Thursday, September 27, 2012

Honey Saikyo Miso Soy Milk Ice power

Here's my Saikyo Miso & Soy Milk Ice Cream.  If you prefer your ice cream to be made with cow's milk, you can certainly use it instead of soy milk.  Miso is added at the very end of the cooking process, so the flavor and good enzyme of the miso stay alive when the ice cream is ready.  It's one of the most popular ice creams I make at home.

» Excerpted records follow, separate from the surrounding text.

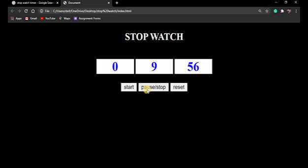After the start function, I create the second function which is stop. Inside stop I call clearInterval and pass the interval variable. Now checking the code by refreshing — if I press start then click the stop/pause button, the stopwatch stops. And if I click start again, it starts again.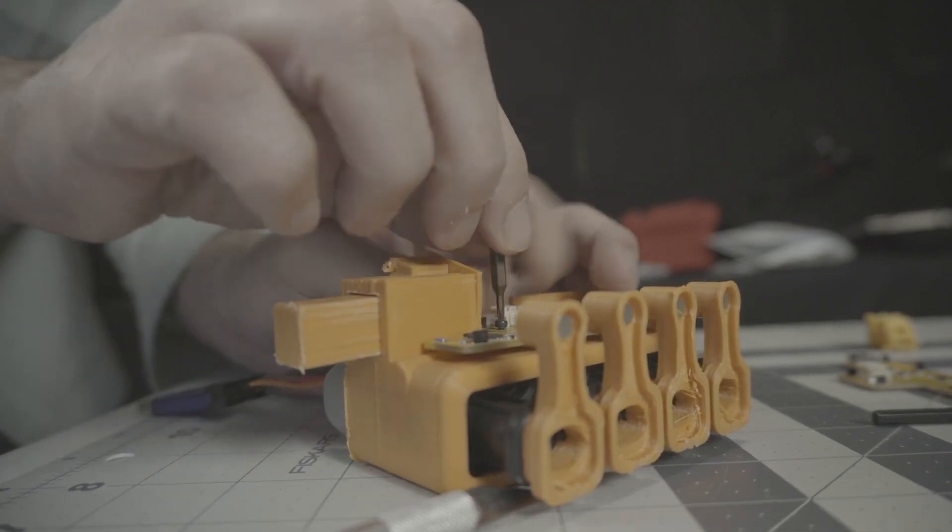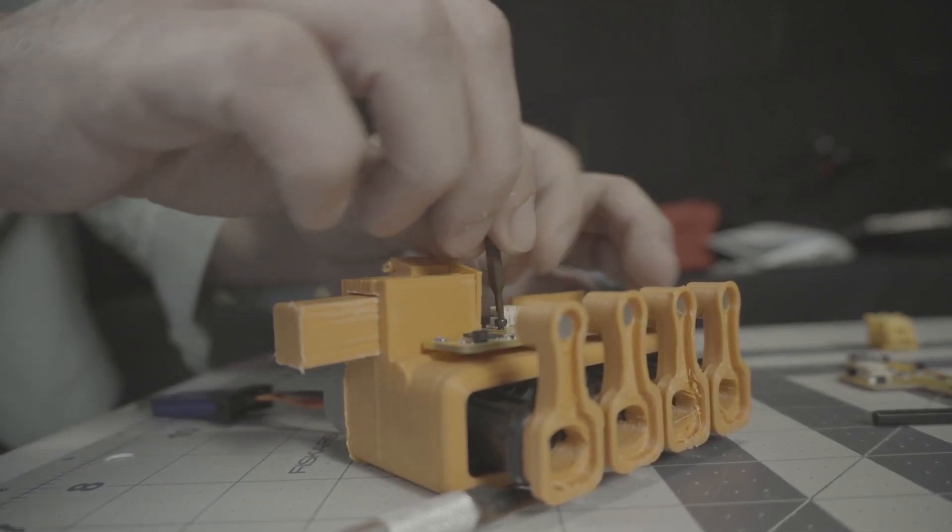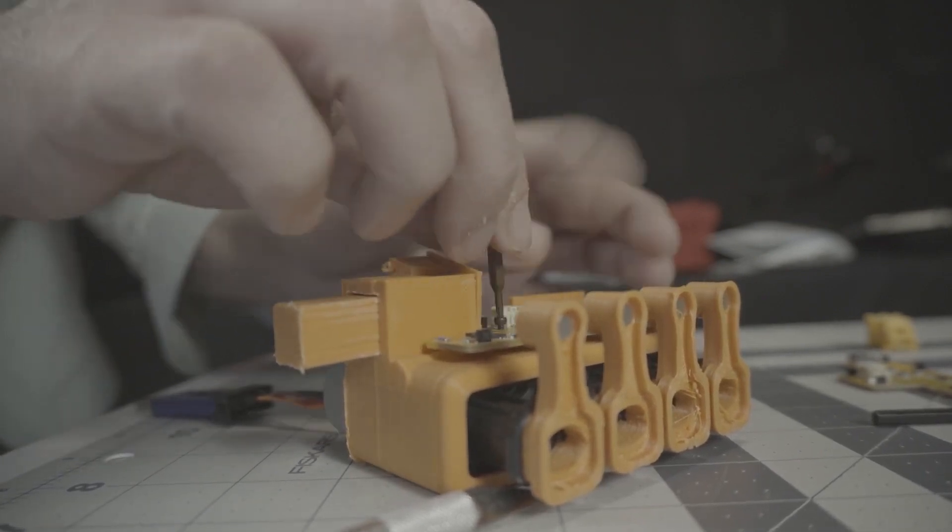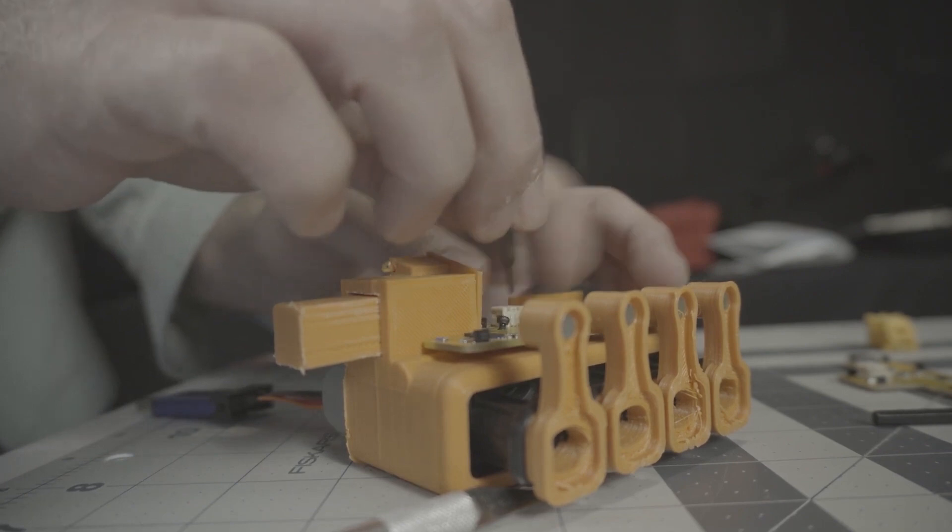First I need to remove the screws on the custom case that we made for everything. It is just a temporary case at the moment.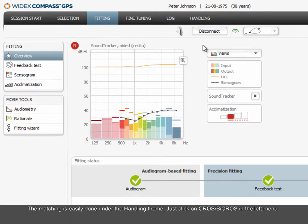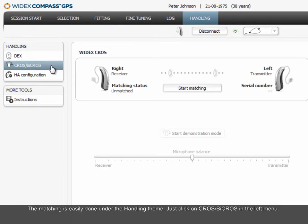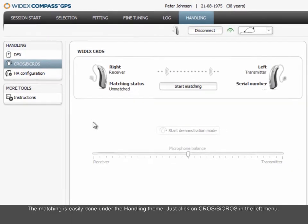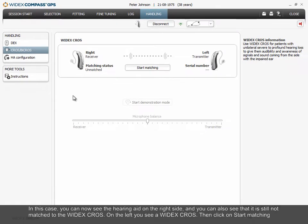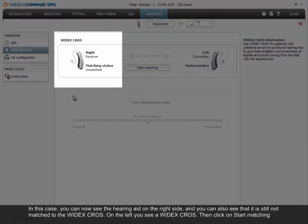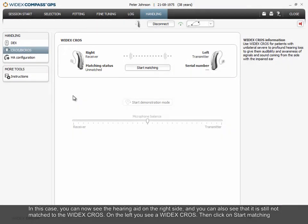The matching is easily done under the Handling theme. Just click on CROS by CROS in the left menu. In this case, you can now see the hearing aid on the right side, and you can also see that it is still not matched to the Widex CROS. On the left, you see a Widex CROS. Then click on Start Matching.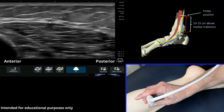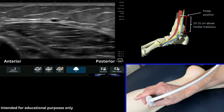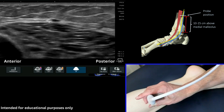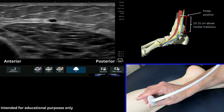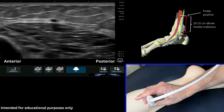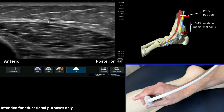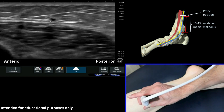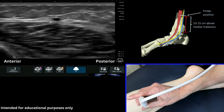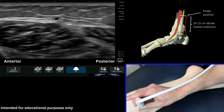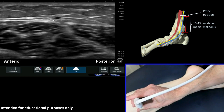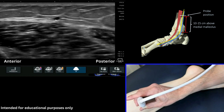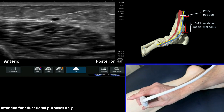It sits on the anterior aspect — the more anterior aspect — of that vein usually, but it does vary from person to person. You can see as we come up the leg, keeping our pressure light, that that structure remains constant adjacent to the saphenous vein.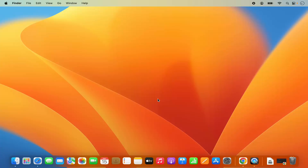Hey guys, in this video I'm going to show you how you can download and install PyCharm IDE on your Mac operating system. So let's get started and see how we can do it.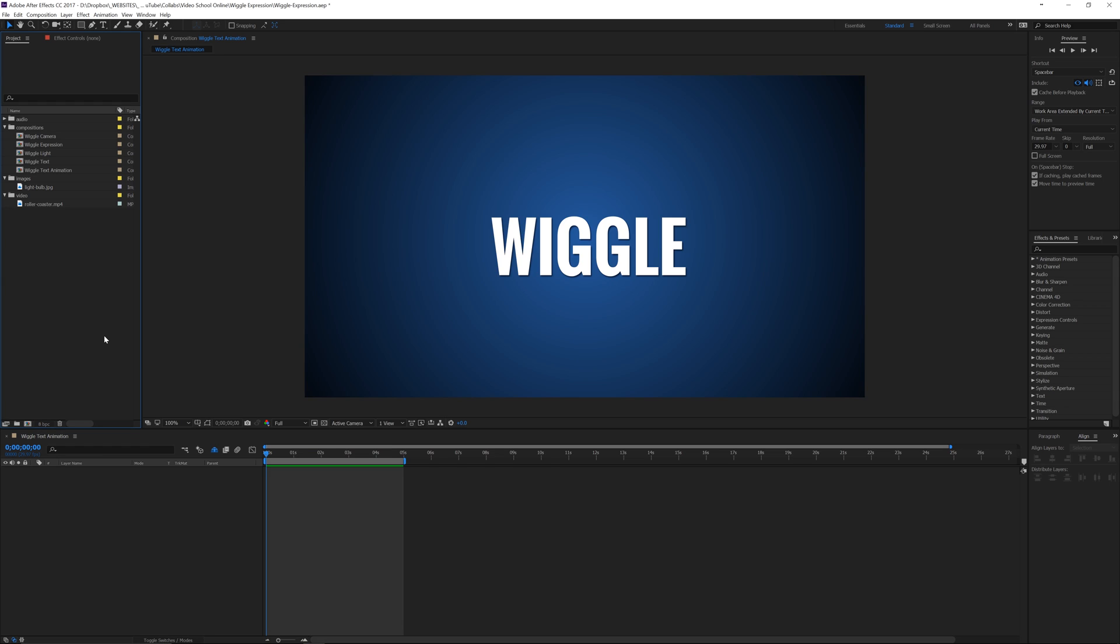Hey guys, welcome here for a quick tip in After Effects. This is going to be really fast on how to make text wiggle and yes, I have a text layer here that says wiggle.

Honey Saikyo Miso Soy Mili Ice Cream

2C soymilk
1C heavy cream
150ml honey
3  large eggs (whole eggs)
1/2C  Saikyo miso

1.  In a pot, combine soymilk, heavy cream, and honey.  Scald over low-medium heat.  Turn off the heat.
2.  In a large bowl, whisk the eggs.  Gradually add the scalded liquid as you whisk, so that the heat won't coagulate the eggs.
3.  Transfer the mixture to a clean pot and scold again over low heat.  Turn off the heat and strain through a fine-mesh sieve into a bowl (this is the custard).  
4.  In a separate bowl, add the saikyo miso and gradually whisk in the strained custard.  Refrigerate the mixture until very cold for a few hours or longer.
5. Set the mixture into an ice cream machine to finish.